If I make good time, my letters will reach you before I do, over the next few weeks. Hopefully this will prepare you for my arrival. Hopefully everything will get to you before your father finds it. That’s why the return address says your father’s sister-in-law’s name. I doubt he’d open mail from your aunt to you. When you were little, you were close with her. I hope you still are, and that it’s believable that she’d be writing to you.
When you read the last of my letters, you’ll have a choice to make. But before I present you with that choice, you need to know everything that’s going into it. Everything that’s happened since I left.
I’ll start from the beginning. Some of it might feel like too much information. I am not sure how much a girl wants to know about her mom.

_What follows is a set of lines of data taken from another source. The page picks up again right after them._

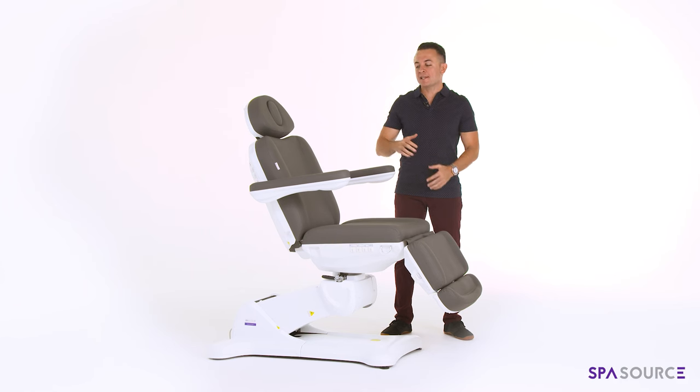Lastly, please remember that the chair comes in the colors of gray — as you can see in the video — all black, sand top, white top, and black top. If you have any questions, feel free to reach out.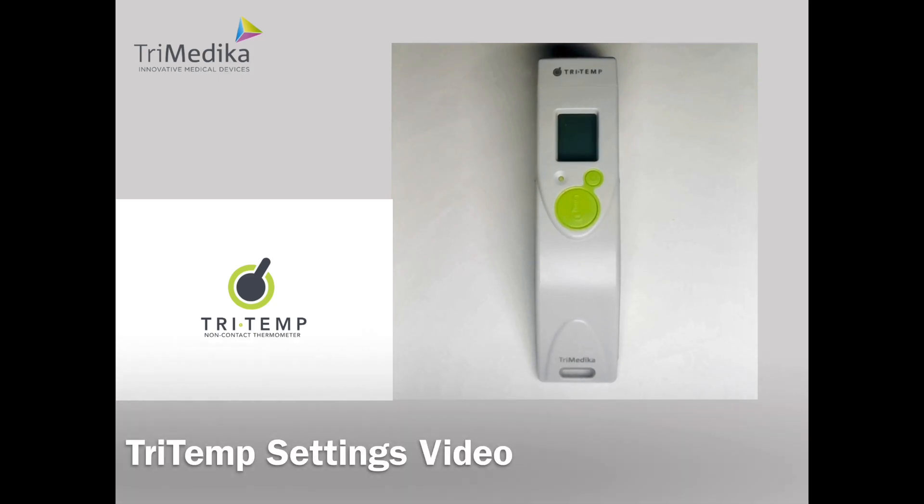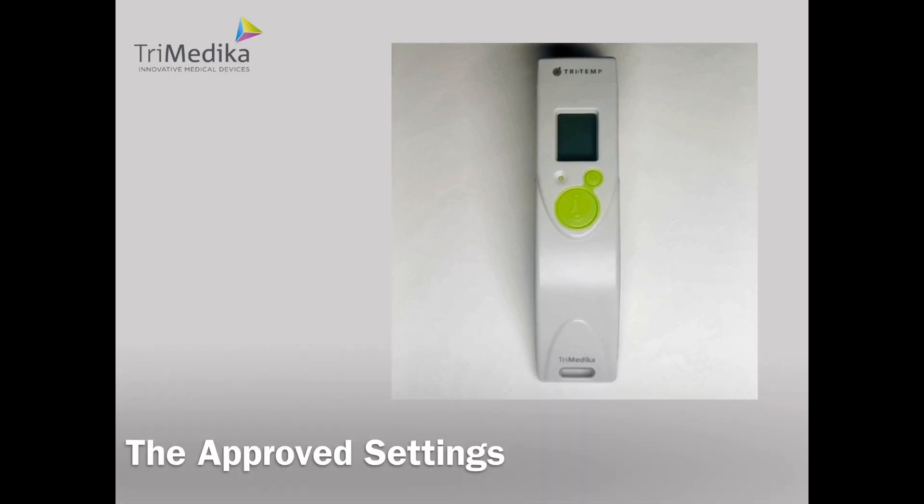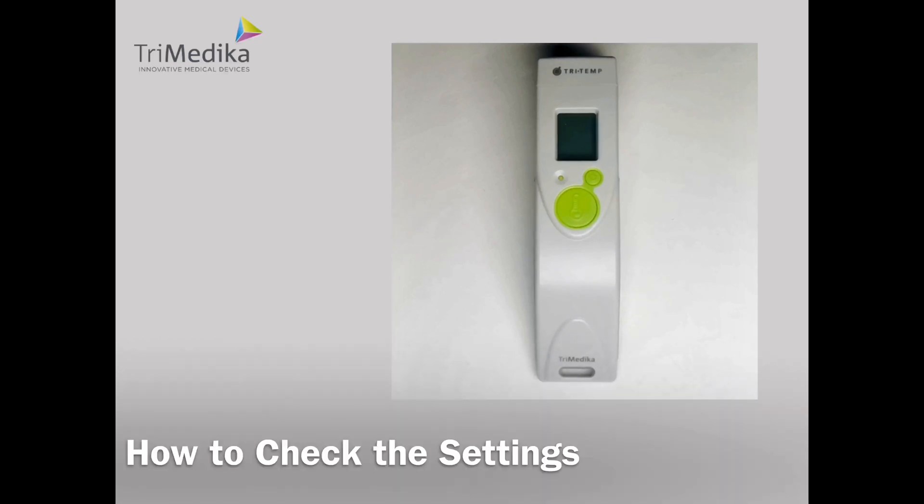Here is the Tritemp non-contact thermometer from Trimedica. In this video I will show you the approved settings, how to check the settings and how to change the settings.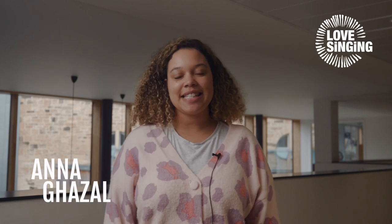Hello, I'm Anna Ghazal and I'm based in Glasgow at the moment. I'm going to share the one-two-three-four-five round. So if we pop our five fingers up, it just goes like this.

If it were me, I’d want to be spared the intimate details, but you’re not me. I hope you are curious, that you want details, that you might even be hungry for the truth about me. If I’m wrong, I’m sorry in advance. Skip over things if you want. I just can’t tell you the story of my leaving without the story of my heart, which I have followed over the years into various situations, some wonderful and some terrifying and dangerous. I like to imagine that you’re like me in this way. You were always so brave.
Anyway. I’ve struggled to find the true beginning of this story, but I think it starts when I was a few years older than you: seventeen. And I was completely on my own.